Ya’ll I didn’t make it to 100 books this year.
I wanted to! I really wanted to and I got soooo close, but reading is something I can’t force. I’m either reading or I’m not and if I don’t want to read there’s nothing to be done for it but for me to wait it out. As we speak, I’m picking my way through James Herriot’s “All Creatures Great and Small” which was on-sale at Amazon and that I read in my younger years so I might make 93 if I really go at it, but I probably won’t so you (and I) will have to be satisfied with 92 books.
My read list is sort of like a time capsule. It’s me, in a nutshell. I watch my interests ebb and flow. I watch the clusters of books that I read when a subject has interested me. I like looking back to see what books are memorable and which I hardly remember at all.
This year, 20 books received my top ranking of five starts which means I really loved the book and will recommend it to everyone who will listen to me talk about it. In going over the list, I’ve found that I’ve whittled it down to five books that I loved and found memorable as I reflect back.

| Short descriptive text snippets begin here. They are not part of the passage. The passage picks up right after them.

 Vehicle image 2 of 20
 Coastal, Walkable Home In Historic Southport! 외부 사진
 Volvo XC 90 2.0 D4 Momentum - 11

The Last Survivors series by Susan Pfeffer, but with the caveat that I wouldn’t read the fourth (and currently last) book in the series. It’s a disappointing finale and really doesn’t add anything to the story. I re-read this series this year (and added “The Shade of the Moon”) and while the first three books really stand up, the last book just feels like Pfeffer was ready to be done with the whole damn thing.
5. “Finding Audrey” by Sophie Kinsella
I’m not sure what I expected when I picked up this book. The fun thing about my reading this year is that my list was comprised up of “best of” lists and while I gave a quick glace at the synopsis to see if I’d be interested, I went into most of these books totally blind. That meant that I got a lot of “duds” this year. More than usual. But, I wouldn’t have picked a Kinsella title on my own (because I over-read Chick Lit in 2003 and don’t really want to read it anymore). But, this wasn’t Chick Lit. Not really. It was the deeply relateable tale of Audrey, trying to navigate through life as a depressed, anxious, agoraphobic teen. It was a nice cross section, not only of an person like Audrey, but the toll that person takes on those around her.
Sure, there was a love interest, but he was secondary to Audrey struggling to find herself and learn to live life as an anxious, depressed person.
4. “American War” by Omar El Akkad
This one freaked me out a little bit because it felt almost prophetic. As climate change wrecks havoc on the United States the country finally fractures enough for Civil War. It is the story of Sarat Chestnut, six when the war breaks out, she must make her way through the sort of violence and scarcity we’ve only seen on television or read about happening in other places. An America where there are work camps. An America where one side bombs the other. An America where Americans strap bombs on their bodies and blow up other Americans. It was rich and sweeping and disturbing and haunting and well worth the read.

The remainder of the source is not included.